These tests told me the monitoring itself was properly functioning. WSMAN could connect to the UX Agent on the problematic UX system and get information from it. Also without the –skip part WINRM worked like a charm, so no certificate issues either.

The logs on the customer Gateway Servers told me nothing special. So the issue was deeper down the line… Time for some more tests but now more on the SCOM side located at the NOC level (NOC DMZ Management Servers and Management Servers).

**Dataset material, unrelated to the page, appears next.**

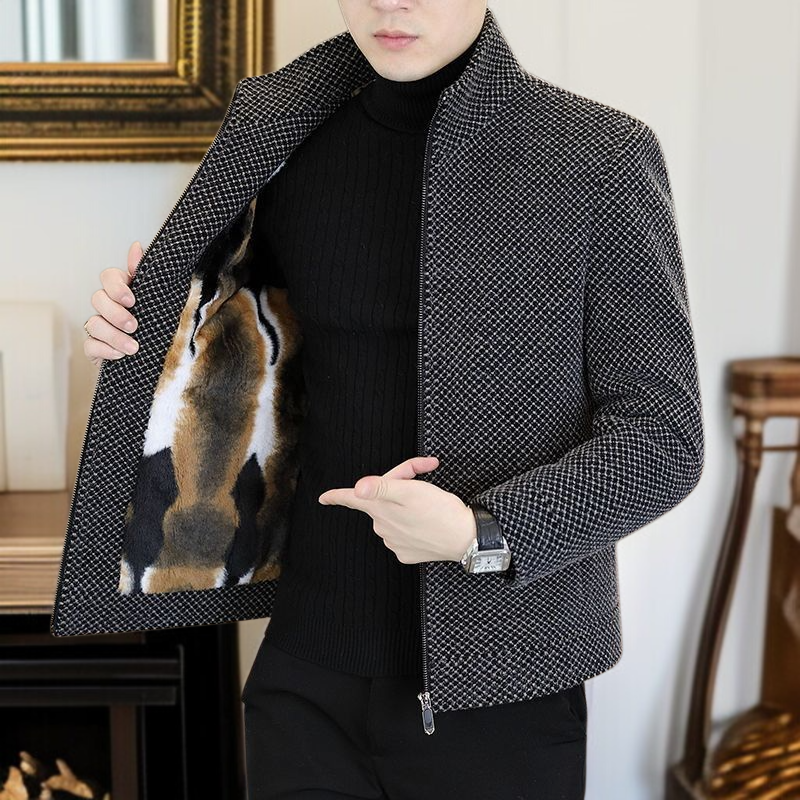 남자 기모직 재킷 도톰 기모직 재킷 데일리 통근 캐주얼 상의 가을 겨울 숏 코트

And YES! I restarted the SCOM Console way long ago using the /ClearCache switch as well Smile with tongue out

The even deeper tests
First I ran a script made by Kris Bash, also working at Microsoft. This PS script tells you exactly what the status of the monitored UX server in SCOM itself is.

$hostname=”FQDN UX SERVER”

$blDiscovered=$false
$blHealthy=$false

$class=Get-SCOMClass |Where {$_.name -eq "Microsoft.Unix.OperatingSystem"}
$ComputerClass = Get-SCOMClass | Where {$_.Name -eq "Microsoft.Unix.Computer"}
$class |get-scomclassinstance
$instance=get-scomclassInstance -class:$class |where {$_.path -eq "$hostname"}
if ( ($instance -ne $null) -and ($instance.IsManaged -eq $true) )
{
    $blDiscovered=$true
}
else
{
    $blDiscovered=$false
}
$Computer = Get-SCOMClassInstance -Class:$ComputerClass |Where {$_.Name -eq $hostname}
$ComputerHealth = $Computer.HealthState.ToString()

Write-host "Host: $hostname"
Write-Host "OS is discovered: $blDiscovered"
Write-host "Computer health state: $ComputerHealth"

I ran this script first on the Management Server and later on the customer Gateway Server managing/monitoring the problematic UX system. This output told me there was indeed an issue with this particular UX server. Somehow no status was created.

Time to checkout the whole chain of communication, starting at the customer Gateway Server managing/monitoring to problematic UX system, down to the SCOM Management Server and the NOC DMZ Gateway Server in between.

For this I needed to find out what the primaries were for the Gateway Servers involved. See here this posting of Jimmy Harper, section Commands to verify Gateway Server Failover.

When I checked the OpsMgr event log on the NOC DMZ Gateway Server which is the primary for the Gateway Server managing/monitoring the problematic UX system I noticed data for this server was being dropped since the NOC DMZ Gateway Server didn’t think it belonged to the environment.

And yes, a simple PS-cmdlet for restarting the HealthService (Restart-Service HealthService) fixed this issue. Within a few minutes the UX system got a HEALTHY status in SCOM.

Recap
Monitoring UX systems residing on locations behind SCOM Gateway Servers is a valid scenario. Just make sure you’ve all the requirements in place and go for it. And when something is amiss, use this posting to help you out.